Cape Town - The success of the 2010 Final Draw is a glimpse of the flair and professionalism which South Africa will deliver to the world during the World Cup, says Deputy President Kgalema Motlanthe.
"I trust that the success of the Final Draw has provided you with a strong sense of the passion, flair and professionalism with which South Africa is preparing itself for the historic first FIFA World Cup tournament in Africa," he said at the first World Press Day on Saturday.
Motlanthe, who also chairs the Inter-Ministerial Committee which is tasked to oversee government's preparation for the tournament, told international and local press that government remains confident that the country will host the best World Cup ever.
The World Press Day was organised by FIFA to outline and discuss the role of the media in making the World Cup better, not only for next year but for other coming tournaments. The conference also outlined the opportunities and challenges of the 2010 FIFA World Cup.

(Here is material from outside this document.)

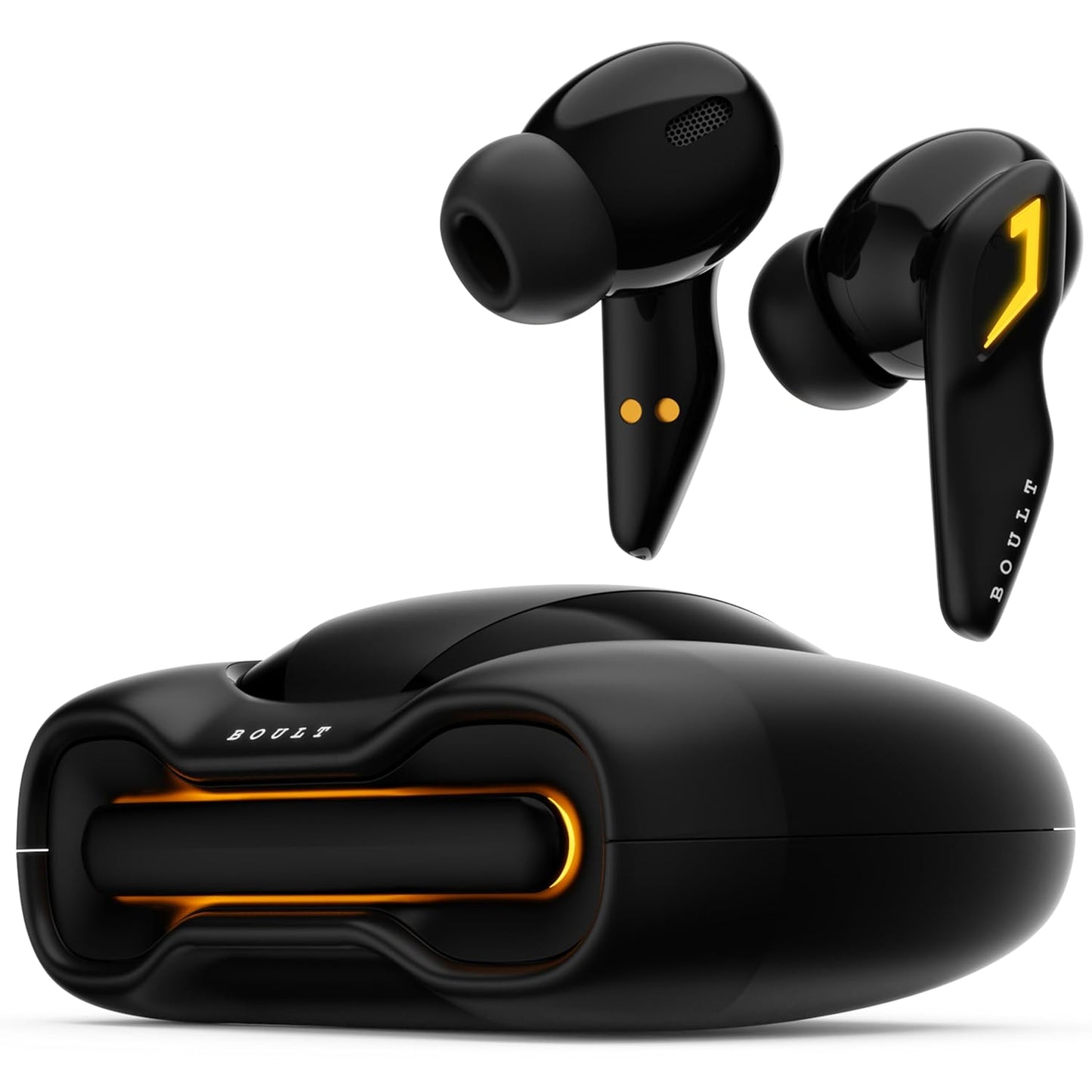 Boult wireless earbuds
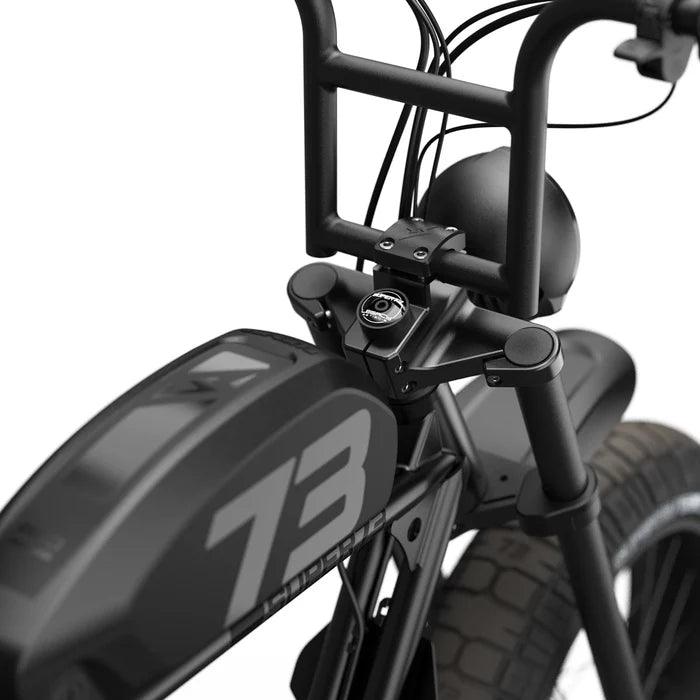 S2 Laguna - Super73 Electric Bike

Motlanthe said government and South Africa recognises and appreciates the role play of the media in creating abuzz and informing the world about the preparations of the World Cup.
"By being here today, we recognise the important role that you play in creating excitement among people around the world and informing them about the build-up to an event that is important both for South Africa and the continent of Africa itself.
"Your words, pictures, sounds and blogs enable millions of people around the world to understand the opportunities and challenges presented by our hosting this glorious event," Motlanthe said.
Motlanthe also called on media and people in general to focus on the excitement and the buzz that a tournament of this magnitude brings.
He said when it comes to assessing South Africa's readiness for hosting the 2010 FIFA World Cup, the focus has changed dramatically.
"The question is no longer whether or not the stadiums will be ready on time; but how the stadiums will showcase our technological and architectural excellence to the world.
"We now no longer talk in general terms. We have entered a period in which we talk action, specifics, numbers and deadlines.
"This is also a period during which the focus is shifting to the most important actors in the FIFA World Cup, the players, the teams, the fans and the administrators of the game," he said.
He said South Africans are looking forward to open their hearts and homes, their pubs and clubs, their airports and harbours, and their sites of cultural and natural heritage to the hundreds of thousands of visitors expected to descend to the country next year.